JSON was chosen as it can be easily inspected manually, and it’s reasonably efficient to load the entire file.

Issues reading archived data

Files at European XFEL storage migrate over time from GPFS (designed for fast access) to PNFS (designed for archiving). The data on PNFS is usually always available for reading. But sometimes, this may require staging from the tape to disk. If there is a staging queue, the operation can take an indefinitely long time (days or even weeks) and any IO operations will be blocked for this time.

To determine the files which require staging or are lost, use the script:

extra-data-locality <run directory>

It returns a list of files which are currently located only on slow media for some reasons and, separately, any which have been lost.

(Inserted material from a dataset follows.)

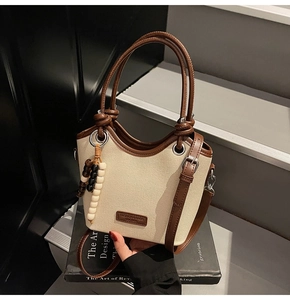 Détail du sac seau en toile montrant le logo en cuir et le pompon en perles de bois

If the files are not essential for analysis, then they can be filtered out using filter lc_ondisk() from extra_data.locality:

from extra_data.locality import lc_ondisk
run = open_run(proposal=700000, run=1, file_filter=lc_ondisk)

file_filter must be a callable which takes a list as a single argument and returns filtered list.

Note: Reading the file locality on PNFS is an expensive operation. Use it only as a last resort.

If you find any files which are located only on tape or unavailable, please let know to ITDM. If you need these files for analysis mentioned that explicitly.